You may have read conflicting reports last week about the state of rural income. The fact is that median household incomes in rural America actually grew 3.4% in 2015, as opposed to a 2% decline. Incomes in metropolitan areas are up as well, growing 6%.
Here's an excerpt from a New York Times story that details recent changes in definitions that led to differing media reports.
"On Tuesday, when the Census Bureau released one of the country’s most important reports on income and poverty, dozens and dozens of facts were revealed. We found out that real middle-class incomes in America grew a phenomenal 5.2%, and that the poverty rate fell by the largest percentage in nearly 50 years.

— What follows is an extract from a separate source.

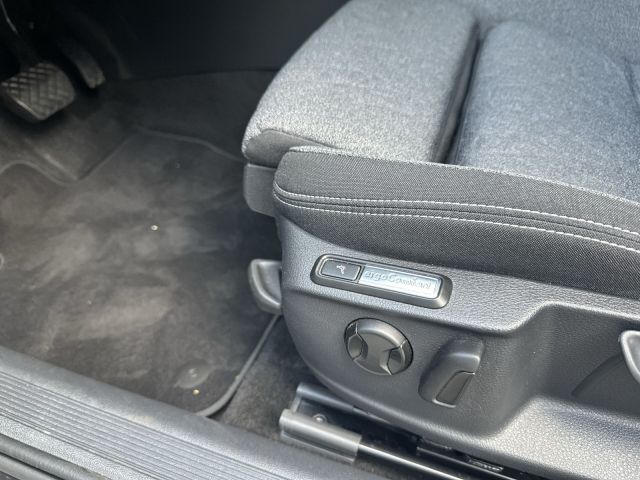 Passat Variant 2.0 TDI DSG Business 18 ALU DCC R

That got the headlines. But after the initial buzz, a few reporters across the country, me included, were intrigued by two lines in the first table: While incomes in metropolitan areas grew 6%, those in rural areas fell 2%. That detail prompted articles on how the recovery was unevenly shared.

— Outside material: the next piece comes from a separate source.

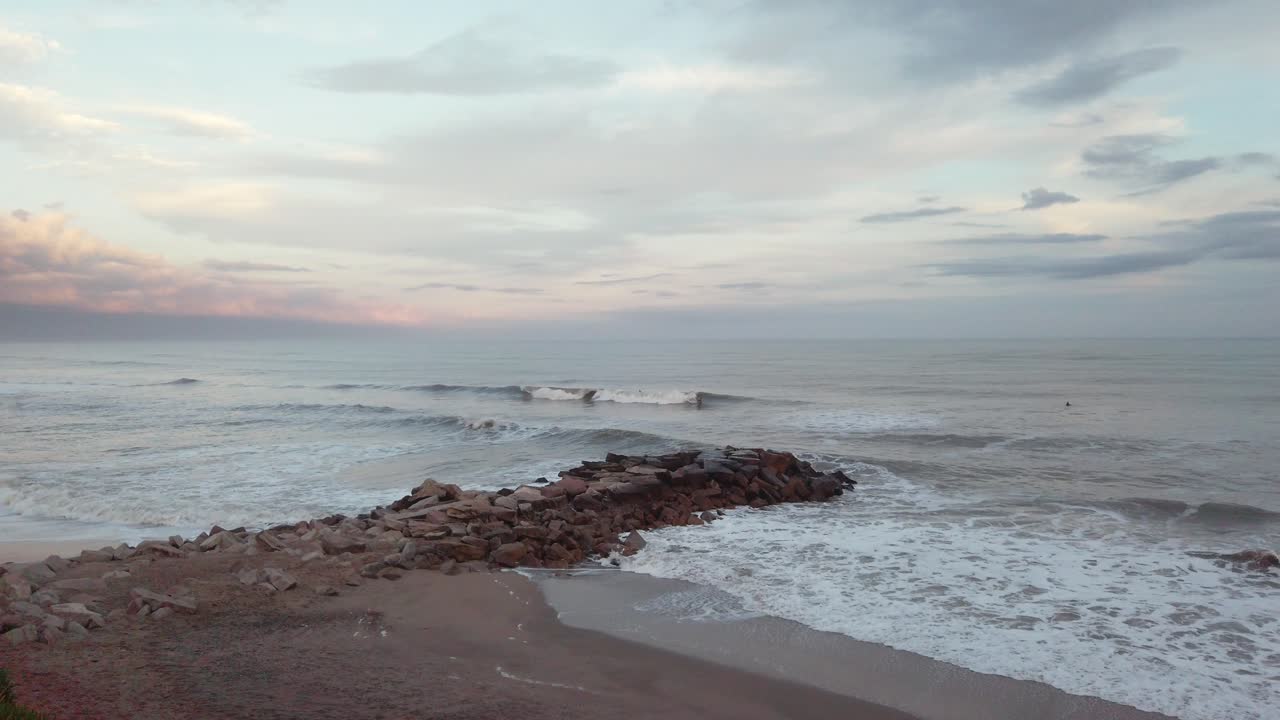 panorámica de la luz del sol de la tarde en la colorida playa del atlántico sur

One problem, though: The number is wrong. Median household incomes in rural America actually grew 3.4% in 2015, according to policy experts who study the census numbers very closely.
It’s worth mentioning what the Census Bureau views as urban and rural. It has a specific, quite narrow definition for rural: a given area that encompasses fewer than 2,500 people. Everything else is “urban,” thus excluding places that many people would consider rural.
The correct median income number is derived from another survey, called the American Community Survey, also compiled by the Census Bureau. It released these numbers on poverty and income in a much smaller report two days later. The crucial figure on median household incomes in rural America isn’t even found on its official report. Instead, it’s buried in American Factfinder, a searchable database of thousands of statistical tables that the census produces (and involves an eight-step process to find).
Why did this happen? The short answer is this: a once-in-a-decade definitional change. The wrong rural income number came from the bureau’s Current Population Survey’s Annual Social and Economic Supplement, a reliable source of detailed information on income and poverty that economists and policy makers have relied on for decades.
However, what that report wasn’t devised to do well is provide solid estimates in fine-grained geographic detail. One reason is that the Current Population Survey’s sample is too small for precise geographic estimates. Its sample is 100,000 addresses; the American Community Survey’s sample is 3.5 million. So on balance, the American Community Survey estimates will generally be better for smaller geographic areas than the Current Population Survey. The trade-off is that the C.P.S. asks more in-depth questions regarding income and poverty.